_TRY IT_: Your copy should hold only the lines from the one with "Waldhof Mannheim - Dynamo" to the one with "adoptable Dog in", both included, each exactly as it stands below, with no pictures.

_ENTRIES PROVIDED_:
........
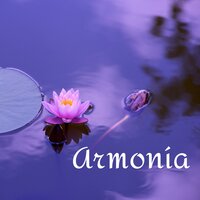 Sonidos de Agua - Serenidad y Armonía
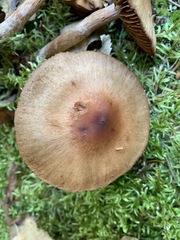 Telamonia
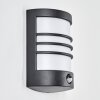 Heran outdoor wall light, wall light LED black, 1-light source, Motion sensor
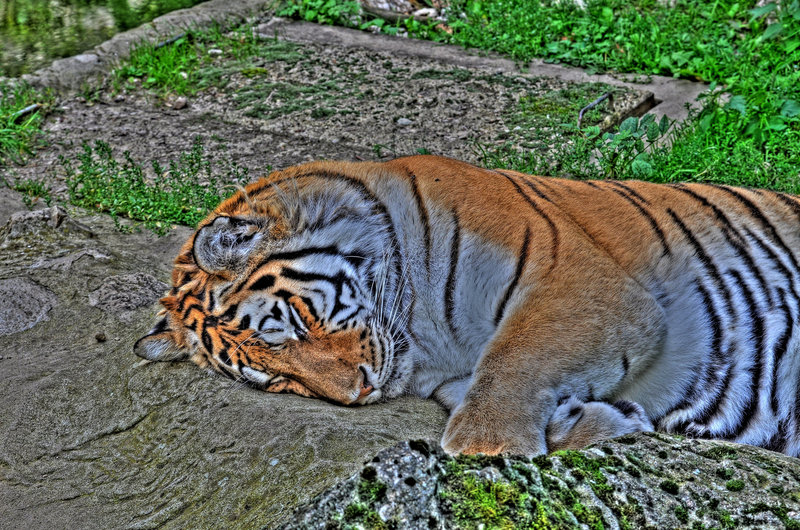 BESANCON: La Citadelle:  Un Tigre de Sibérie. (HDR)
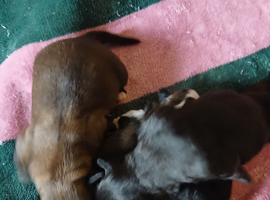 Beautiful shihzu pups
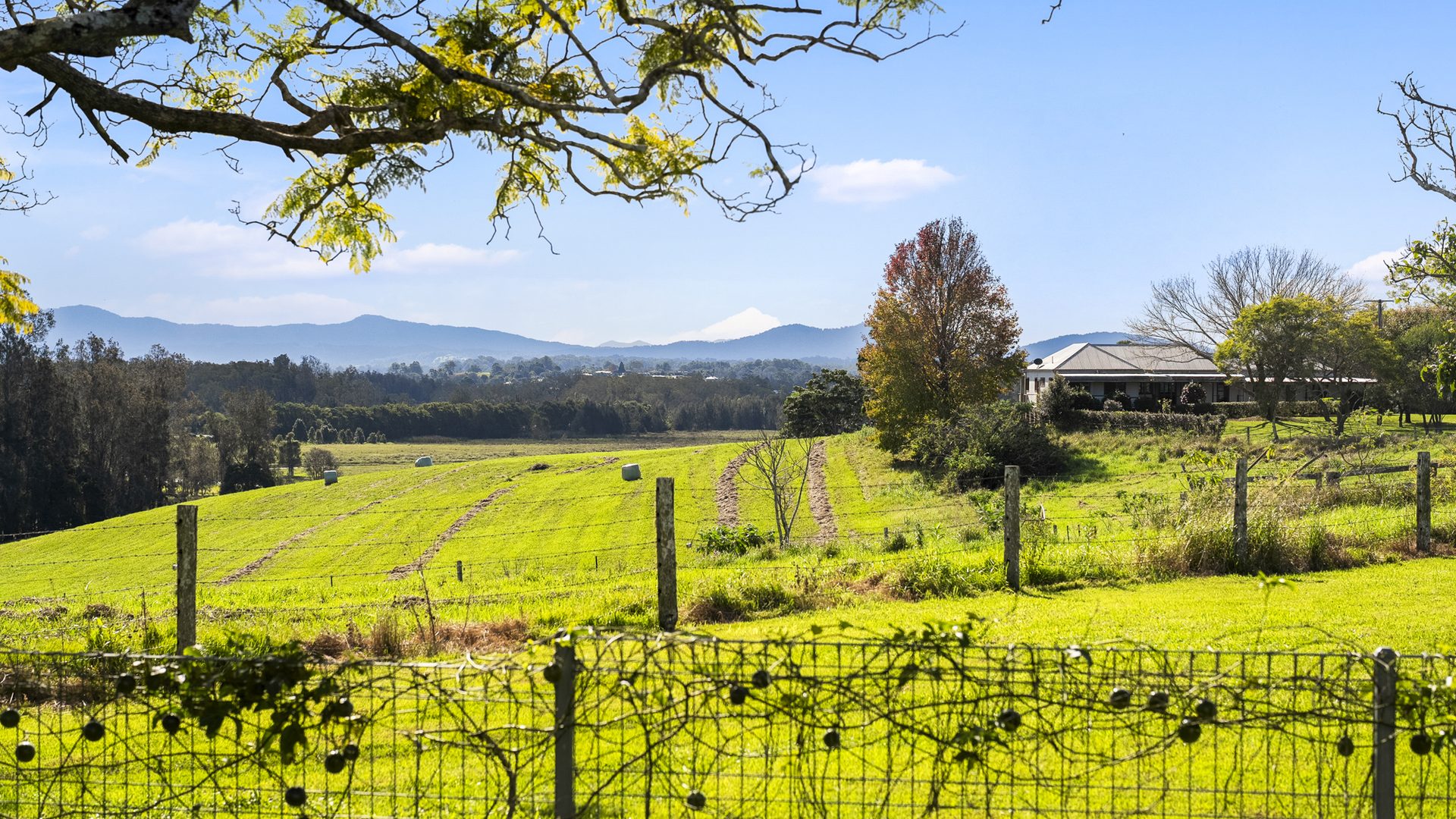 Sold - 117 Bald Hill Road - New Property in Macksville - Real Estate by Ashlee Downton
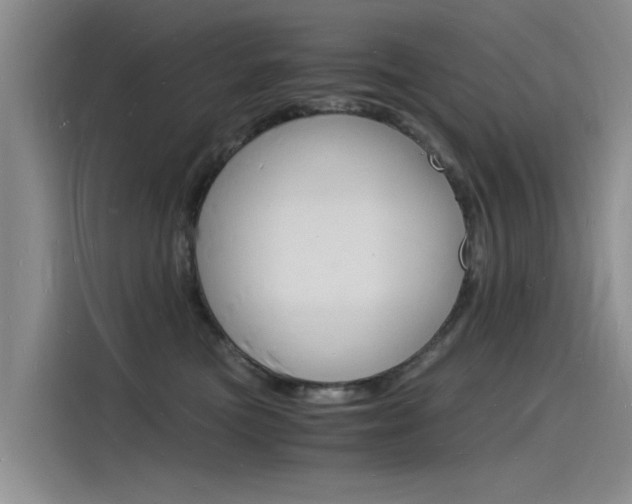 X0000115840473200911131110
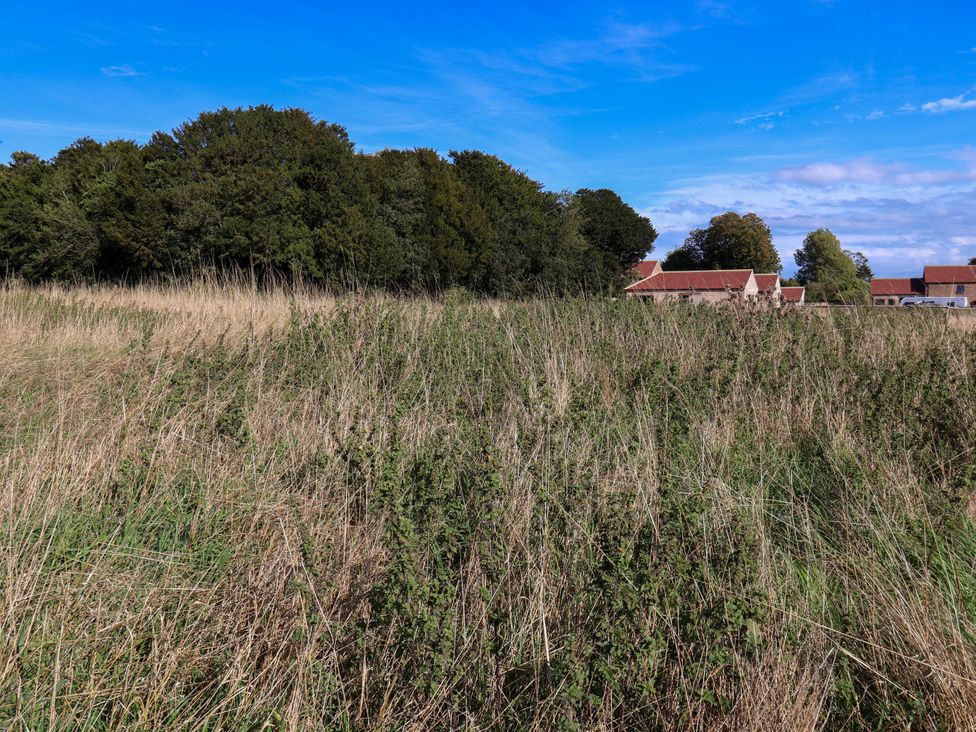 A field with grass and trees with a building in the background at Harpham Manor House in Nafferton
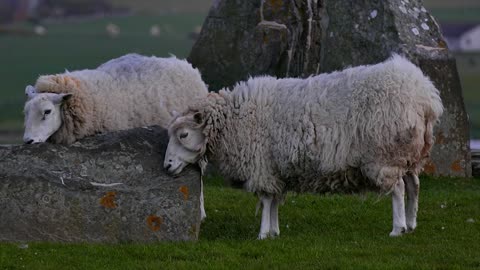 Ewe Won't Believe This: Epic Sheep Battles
........
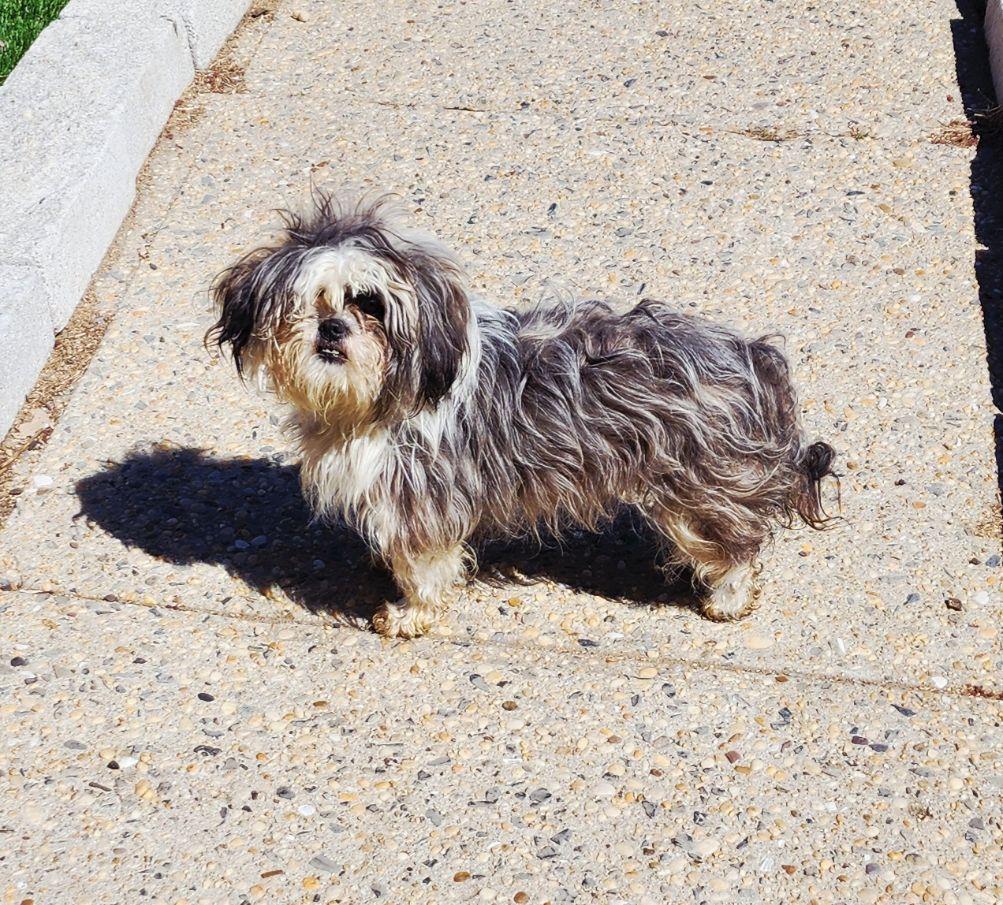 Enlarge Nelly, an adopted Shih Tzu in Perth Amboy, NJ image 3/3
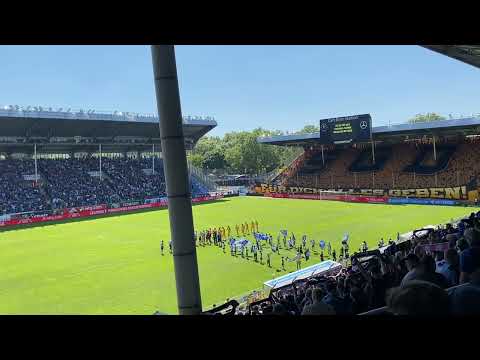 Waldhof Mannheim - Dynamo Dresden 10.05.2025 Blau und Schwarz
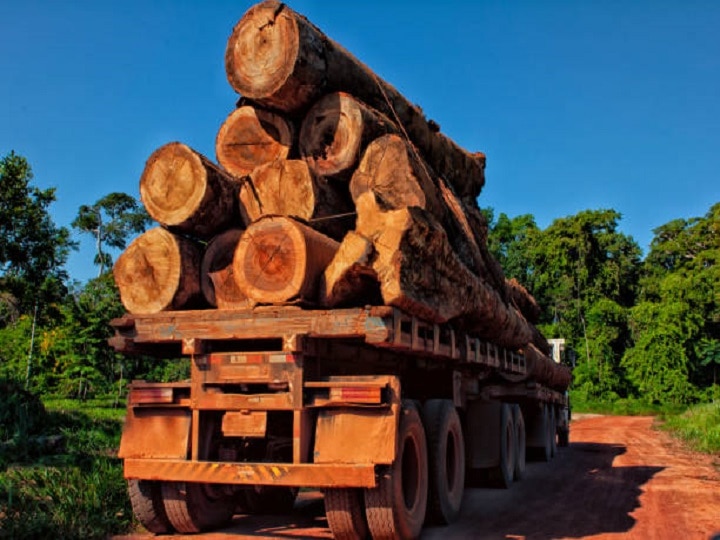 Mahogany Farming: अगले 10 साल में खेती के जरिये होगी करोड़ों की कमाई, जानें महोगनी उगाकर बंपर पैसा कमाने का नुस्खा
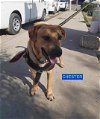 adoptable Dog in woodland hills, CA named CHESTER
........
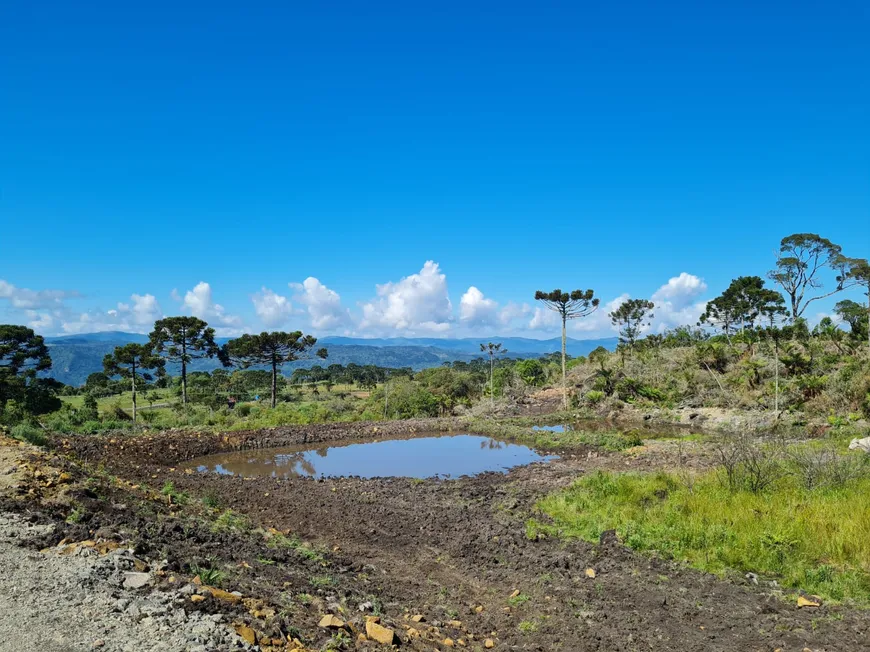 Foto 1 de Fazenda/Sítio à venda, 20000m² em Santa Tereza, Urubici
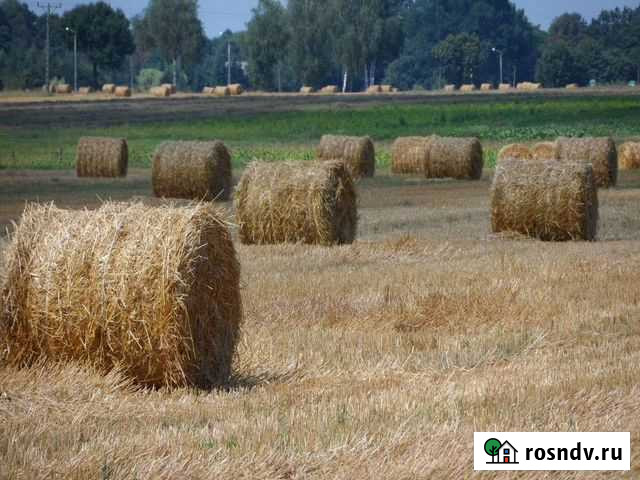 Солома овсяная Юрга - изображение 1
........
_WRITTEN SOLUTION_:
 Waldhof Mannheim - Dynamo Dresden 10.05.2025 Blau und Schwarz
 Mahogany Farming: अगले 10 साल में खेती के जरिये होगी करोड़ों की कमाई, जानें महोगनी उगाकर बंपर पैसा कमाने का नुस्खा
 adoptable Dog in woodland hills, CA named CHESTER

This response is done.